International Holocaust Remembrance Day, an international memorial day, commemorates the tragedy of the Holocaust. The Holocaust significantly affected both my immediate and extended family with both my maternal grandparents, and their families, being forced from their homes. For this Remembrance Day I wanted to talk about my great grandfather Markus Rothstein.
Markus was born to Józef Rothstein and Laura Krochmal on April 28, 1897 in Tarnopol. Tarnopol, now in Ukraine, was part of what was the Austro-Hungarian province of Galicia. Markus was third of five children - Gusta (1891), Yetta (1894), Anna (1902) and Irving (1905). The family lived in Tarnopol up until at least 1910 where they can be found in that year's census with Józef's father Michel and Laura's mother Pessie living with them.
According to the above Meldzettel it looks like they moved to Vienna in 1911. In June of 1914, Jozef, the first of my mother's direct ancestors came to the US to live with his brother Schaje/Osias/Oscar and his family who had immigrated to the US at around the turn of the century. Two years later Jozef and Oscar's father died.
Some time between then and 1920 Markus met my great grandmother Bertha Tillinger. Markus, like his father and uncle in the US, was a Dry Goods merchant and had his own store in the 21st district of Vienna at Wagwamerstrasse 113. When I visited Vienna in 2011 I was able to see the building where his store was. At the time it was a Taekwondo studio however while I was writing this it appears that as of a June 2019 Google Street view the building has been demolished.
In 1921 his mother and siblings went to the US to join Jozef while Markus, Bertha, and his infant daughter Paula stayed behind. On May 19, 1924 my grandfather Harry was born.
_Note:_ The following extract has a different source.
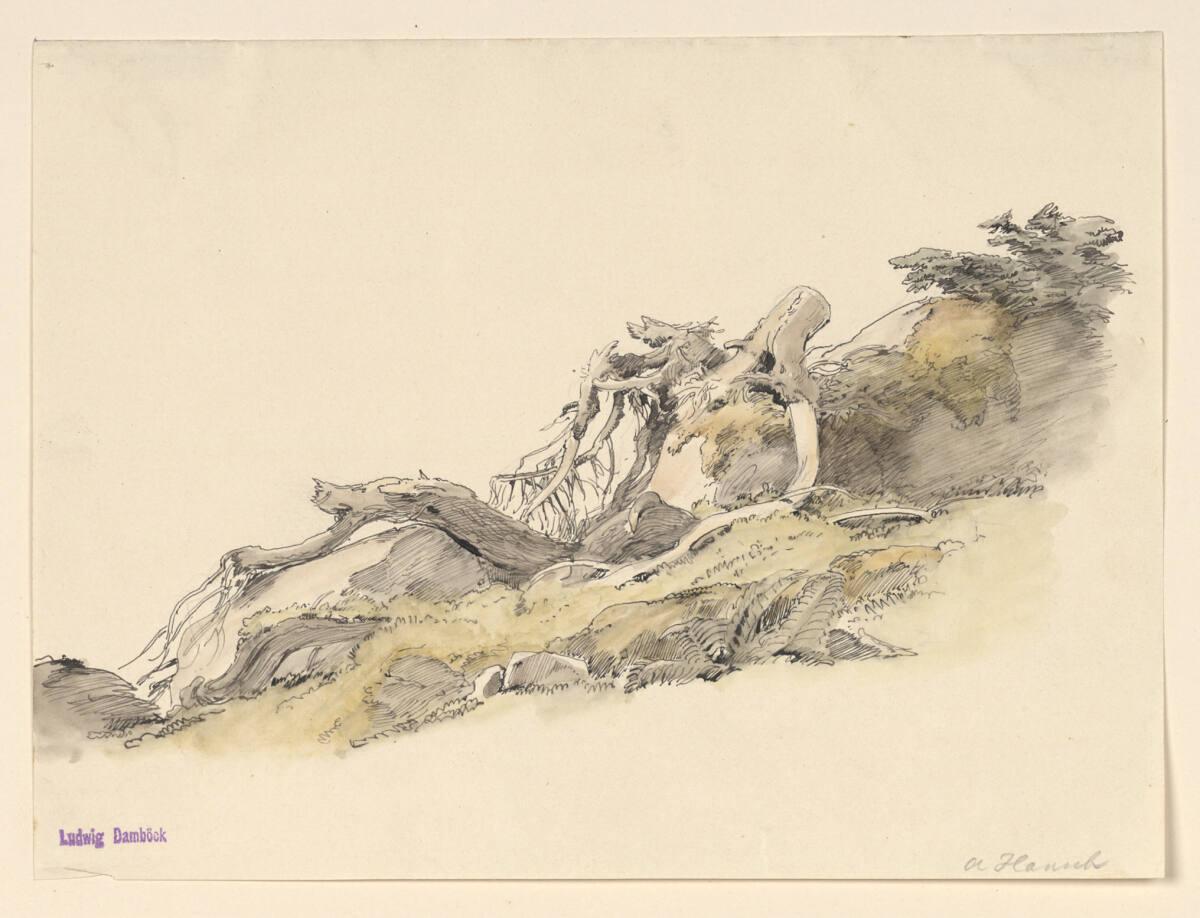Anton Hansch, Baumstrunk, Inv. Nr.: 16046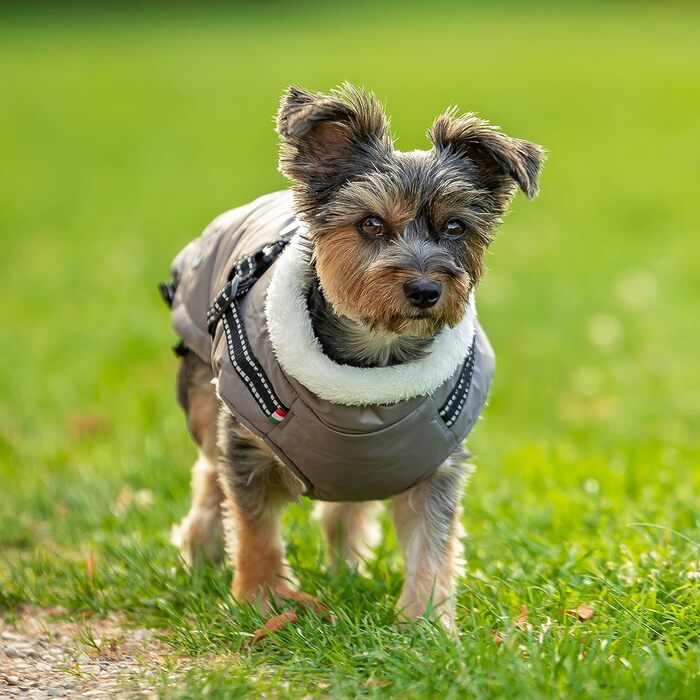 Зимова куртка для собак CHIARA Nick з шлейкою CHJ-2331DB-3 XL - тепла, водонепроникна, вітронепроникна, поліестер, індивідуальна посадка, темно-сіра (M, Сірий)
As far as I can tell life was uneventful for them leading up to the Anschluss in March of 1938. Two months later Markus was arrested and sent to Dachau where he was for three months before being transferred to Buchenwald that September. During this time Bertha, with the sent her two minor children to live with Markus' brother already in the US. According to Markus' niece, her father was active in the Democratic party and was able to get the help of New York City Mayor Fiorello La Guardia and New York Senator Robert Wagner Makus was released from Buchenwald through a prisoner exchange in January of 1939 and in February he and Bertha had left everything behind and were in America, never returning to Vienna even after the war.
This is one of the few stories my family has from this time that turned out the way it did. Both maternal grandparents, as well as family members on my paternal side, lost aunt's. uncles and cousins to the Nazi's.